Obama limiting press access in ways past presidents ‘wouldn’t have dared’




The Associated Press has put together a report that concludes about President Obama what most of us already suspected – this is hardly the most transparent administration in history, which Obama famously promised at the start of his first term.

The AP’s Nancy Benac summarizes the White House’s obsessive approach toward producing photos, videos and tweets that portray the president and First Family in the best possible light.



“At the same time,” Benac wrote, “it is limiting press access in ways that past administrations wouldn't have dared, and the president is answering to the public in more controlled settings than his predecessors. It's raising new questions about what's lost when the White House tries to make an end run around the media, functioning, in effect, as its own news agency.”

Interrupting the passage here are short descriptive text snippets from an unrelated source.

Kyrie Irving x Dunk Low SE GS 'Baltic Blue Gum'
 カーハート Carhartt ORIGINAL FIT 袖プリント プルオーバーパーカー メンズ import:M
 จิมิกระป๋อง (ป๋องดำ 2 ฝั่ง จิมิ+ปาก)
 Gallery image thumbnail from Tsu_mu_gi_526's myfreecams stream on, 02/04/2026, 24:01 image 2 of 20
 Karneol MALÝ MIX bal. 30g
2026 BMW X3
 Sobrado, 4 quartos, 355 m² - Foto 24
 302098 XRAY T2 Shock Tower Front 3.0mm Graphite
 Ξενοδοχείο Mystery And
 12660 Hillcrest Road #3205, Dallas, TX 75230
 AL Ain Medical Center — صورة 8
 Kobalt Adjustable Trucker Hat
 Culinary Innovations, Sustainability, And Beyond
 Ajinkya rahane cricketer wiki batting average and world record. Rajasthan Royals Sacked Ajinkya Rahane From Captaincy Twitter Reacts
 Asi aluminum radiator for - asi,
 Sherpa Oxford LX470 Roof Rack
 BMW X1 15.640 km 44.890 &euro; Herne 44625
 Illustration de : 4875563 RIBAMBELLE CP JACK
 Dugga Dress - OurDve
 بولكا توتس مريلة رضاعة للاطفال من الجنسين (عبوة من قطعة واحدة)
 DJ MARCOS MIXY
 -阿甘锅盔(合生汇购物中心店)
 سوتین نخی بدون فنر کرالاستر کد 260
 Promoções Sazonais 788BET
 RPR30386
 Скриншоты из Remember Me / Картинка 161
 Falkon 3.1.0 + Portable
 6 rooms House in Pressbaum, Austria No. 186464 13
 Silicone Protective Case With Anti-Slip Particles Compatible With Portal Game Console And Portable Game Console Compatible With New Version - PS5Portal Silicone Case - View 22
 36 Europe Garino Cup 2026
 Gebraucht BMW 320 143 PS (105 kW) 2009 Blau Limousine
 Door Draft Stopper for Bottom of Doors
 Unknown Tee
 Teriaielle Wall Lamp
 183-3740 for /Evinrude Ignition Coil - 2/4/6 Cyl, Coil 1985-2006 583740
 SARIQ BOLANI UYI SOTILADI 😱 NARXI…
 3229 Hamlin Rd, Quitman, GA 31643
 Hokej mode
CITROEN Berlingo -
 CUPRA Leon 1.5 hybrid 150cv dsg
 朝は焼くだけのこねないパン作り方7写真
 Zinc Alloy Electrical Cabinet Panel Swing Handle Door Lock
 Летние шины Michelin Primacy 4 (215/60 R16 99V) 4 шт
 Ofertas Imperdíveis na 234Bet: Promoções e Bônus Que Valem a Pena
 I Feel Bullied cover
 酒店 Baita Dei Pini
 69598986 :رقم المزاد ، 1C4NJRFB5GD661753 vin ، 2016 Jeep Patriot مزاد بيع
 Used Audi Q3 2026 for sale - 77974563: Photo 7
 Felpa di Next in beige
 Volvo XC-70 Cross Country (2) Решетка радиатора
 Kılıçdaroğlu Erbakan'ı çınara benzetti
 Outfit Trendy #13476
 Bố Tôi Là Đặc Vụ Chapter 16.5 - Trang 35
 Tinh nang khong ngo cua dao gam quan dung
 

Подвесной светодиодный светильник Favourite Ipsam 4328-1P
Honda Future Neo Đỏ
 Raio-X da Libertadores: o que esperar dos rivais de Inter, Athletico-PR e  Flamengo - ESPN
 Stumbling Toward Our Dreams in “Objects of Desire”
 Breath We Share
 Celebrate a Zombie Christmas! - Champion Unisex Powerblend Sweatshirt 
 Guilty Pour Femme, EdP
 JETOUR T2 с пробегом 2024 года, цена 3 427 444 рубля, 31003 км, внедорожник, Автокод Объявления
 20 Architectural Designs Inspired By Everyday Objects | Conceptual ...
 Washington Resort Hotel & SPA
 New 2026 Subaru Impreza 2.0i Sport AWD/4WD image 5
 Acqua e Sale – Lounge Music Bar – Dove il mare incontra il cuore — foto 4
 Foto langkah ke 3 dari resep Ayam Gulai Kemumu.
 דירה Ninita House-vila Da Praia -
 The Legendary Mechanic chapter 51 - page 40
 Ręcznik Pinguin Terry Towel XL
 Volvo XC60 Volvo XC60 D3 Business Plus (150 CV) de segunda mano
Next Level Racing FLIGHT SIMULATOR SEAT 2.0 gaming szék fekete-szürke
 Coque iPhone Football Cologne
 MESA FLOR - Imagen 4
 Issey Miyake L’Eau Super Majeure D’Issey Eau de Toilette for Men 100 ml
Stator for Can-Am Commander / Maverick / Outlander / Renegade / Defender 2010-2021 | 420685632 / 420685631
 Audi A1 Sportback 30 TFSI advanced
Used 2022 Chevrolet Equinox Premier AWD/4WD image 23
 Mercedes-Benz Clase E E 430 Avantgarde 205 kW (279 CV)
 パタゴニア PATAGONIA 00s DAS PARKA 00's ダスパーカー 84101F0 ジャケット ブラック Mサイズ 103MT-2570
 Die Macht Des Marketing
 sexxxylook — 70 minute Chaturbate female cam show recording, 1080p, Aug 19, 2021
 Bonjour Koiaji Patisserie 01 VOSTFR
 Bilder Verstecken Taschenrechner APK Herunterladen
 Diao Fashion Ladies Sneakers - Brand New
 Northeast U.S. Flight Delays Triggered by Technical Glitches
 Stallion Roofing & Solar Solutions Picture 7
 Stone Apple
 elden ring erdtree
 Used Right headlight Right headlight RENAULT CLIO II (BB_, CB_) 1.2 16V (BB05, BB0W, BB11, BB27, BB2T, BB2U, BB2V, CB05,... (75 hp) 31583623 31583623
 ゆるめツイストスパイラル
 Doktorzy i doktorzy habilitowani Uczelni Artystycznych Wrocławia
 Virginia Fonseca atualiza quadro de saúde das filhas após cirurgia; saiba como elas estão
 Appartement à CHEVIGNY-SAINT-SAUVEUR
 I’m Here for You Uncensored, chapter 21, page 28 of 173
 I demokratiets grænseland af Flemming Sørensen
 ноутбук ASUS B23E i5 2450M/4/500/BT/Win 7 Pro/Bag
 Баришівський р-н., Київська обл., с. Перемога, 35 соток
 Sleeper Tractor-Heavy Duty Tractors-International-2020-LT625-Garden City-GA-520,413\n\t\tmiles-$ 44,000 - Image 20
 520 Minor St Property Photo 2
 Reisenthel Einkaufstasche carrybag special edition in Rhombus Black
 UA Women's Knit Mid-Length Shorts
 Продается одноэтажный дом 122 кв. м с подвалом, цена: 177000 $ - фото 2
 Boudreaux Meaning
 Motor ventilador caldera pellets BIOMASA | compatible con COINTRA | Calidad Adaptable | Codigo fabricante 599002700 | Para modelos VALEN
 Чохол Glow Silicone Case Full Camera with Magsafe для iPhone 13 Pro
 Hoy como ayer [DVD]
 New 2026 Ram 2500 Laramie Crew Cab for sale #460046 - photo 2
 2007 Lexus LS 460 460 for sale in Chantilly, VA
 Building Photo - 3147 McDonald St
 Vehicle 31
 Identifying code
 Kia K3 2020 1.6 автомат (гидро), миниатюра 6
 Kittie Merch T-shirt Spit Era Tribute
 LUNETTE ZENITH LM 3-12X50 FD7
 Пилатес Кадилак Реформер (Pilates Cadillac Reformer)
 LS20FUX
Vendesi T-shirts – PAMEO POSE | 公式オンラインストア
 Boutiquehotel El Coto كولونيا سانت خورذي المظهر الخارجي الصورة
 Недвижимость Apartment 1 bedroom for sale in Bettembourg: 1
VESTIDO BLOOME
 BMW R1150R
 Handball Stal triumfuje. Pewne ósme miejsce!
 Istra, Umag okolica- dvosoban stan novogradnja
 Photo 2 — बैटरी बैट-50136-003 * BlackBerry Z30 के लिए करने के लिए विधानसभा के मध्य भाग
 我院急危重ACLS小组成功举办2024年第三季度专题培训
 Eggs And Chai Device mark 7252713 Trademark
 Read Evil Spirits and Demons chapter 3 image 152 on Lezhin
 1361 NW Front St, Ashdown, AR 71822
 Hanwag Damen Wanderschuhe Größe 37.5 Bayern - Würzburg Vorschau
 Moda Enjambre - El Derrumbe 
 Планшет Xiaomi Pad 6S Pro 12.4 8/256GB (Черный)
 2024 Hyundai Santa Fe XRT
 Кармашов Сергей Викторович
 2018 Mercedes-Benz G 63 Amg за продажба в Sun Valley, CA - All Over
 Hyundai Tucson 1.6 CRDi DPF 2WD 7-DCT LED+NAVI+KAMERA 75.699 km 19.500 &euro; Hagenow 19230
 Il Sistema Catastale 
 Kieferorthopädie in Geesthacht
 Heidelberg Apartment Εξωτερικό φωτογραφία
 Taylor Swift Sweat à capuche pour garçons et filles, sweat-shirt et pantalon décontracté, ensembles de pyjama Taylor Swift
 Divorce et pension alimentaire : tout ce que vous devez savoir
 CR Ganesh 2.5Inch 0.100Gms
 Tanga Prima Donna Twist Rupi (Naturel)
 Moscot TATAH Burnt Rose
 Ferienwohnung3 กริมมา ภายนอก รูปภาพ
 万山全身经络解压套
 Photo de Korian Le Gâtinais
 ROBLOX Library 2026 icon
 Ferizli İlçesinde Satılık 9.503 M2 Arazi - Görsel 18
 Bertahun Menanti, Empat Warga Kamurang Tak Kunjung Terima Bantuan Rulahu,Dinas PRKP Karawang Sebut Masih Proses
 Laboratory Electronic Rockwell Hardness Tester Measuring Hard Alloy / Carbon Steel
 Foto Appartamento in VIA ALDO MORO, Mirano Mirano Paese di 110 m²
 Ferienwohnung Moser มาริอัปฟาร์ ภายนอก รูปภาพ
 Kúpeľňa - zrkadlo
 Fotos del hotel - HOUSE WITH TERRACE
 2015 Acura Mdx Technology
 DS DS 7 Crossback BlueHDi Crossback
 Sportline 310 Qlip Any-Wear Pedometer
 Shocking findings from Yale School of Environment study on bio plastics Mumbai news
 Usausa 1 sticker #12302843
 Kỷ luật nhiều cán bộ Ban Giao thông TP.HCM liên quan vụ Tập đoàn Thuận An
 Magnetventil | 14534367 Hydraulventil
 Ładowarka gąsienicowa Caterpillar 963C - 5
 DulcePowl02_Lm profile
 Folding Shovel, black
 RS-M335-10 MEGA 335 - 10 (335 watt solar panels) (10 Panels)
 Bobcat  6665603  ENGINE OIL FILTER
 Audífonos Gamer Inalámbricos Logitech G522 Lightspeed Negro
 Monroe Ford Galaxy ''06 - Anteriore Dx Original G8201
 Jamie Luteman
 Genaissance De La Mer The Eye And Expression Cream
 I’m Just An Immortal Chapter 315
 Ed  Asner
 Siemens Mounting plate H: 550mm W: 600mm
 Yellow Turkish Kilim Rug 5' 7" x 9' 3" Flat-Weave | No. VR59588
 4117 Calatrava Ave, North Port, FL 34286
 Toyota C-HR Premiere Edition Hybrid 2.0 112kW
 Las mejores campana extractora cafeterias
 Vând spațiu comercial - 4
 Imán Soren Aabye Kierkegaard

The White House press corps’ growing irritation with Obama ratcheted up when the White House recently live-streamed on the Internet Obama's meeting with his export council and allowed just one reporter in the room.


Statistics compiled by Martha Kumar, a political science professor at Towson University in Maryland who studies presidential communication, show how Obama's strategy has differed from his predecessors'.

In his first term, Obama engaged in 107 short question-and-answer sessions with reporters during events in the Oval Office, the Cabinet Room and similar settings. President George W. Bush, by contrast, had 354.

By the same token, though, Obama held twice as many solo press conferences as Bush: 36 compared to 17. And in the first term Obama did 674 interviews -- TV, radio, Internet, print -- compared to 217 for Bush and 191 for Bill Clinton.


Here’s Benac again:

“With interviews, the president has more power to choose his timing, questioners and format, in hopes of delivering a certain message in a setting that's not always hard-hitting. In impromptu Q-and-A's, the questions fly about anything and everything from the national press corps -- and these wide-open opportunities to challenge the president on the events of the day have become increasingly rare.”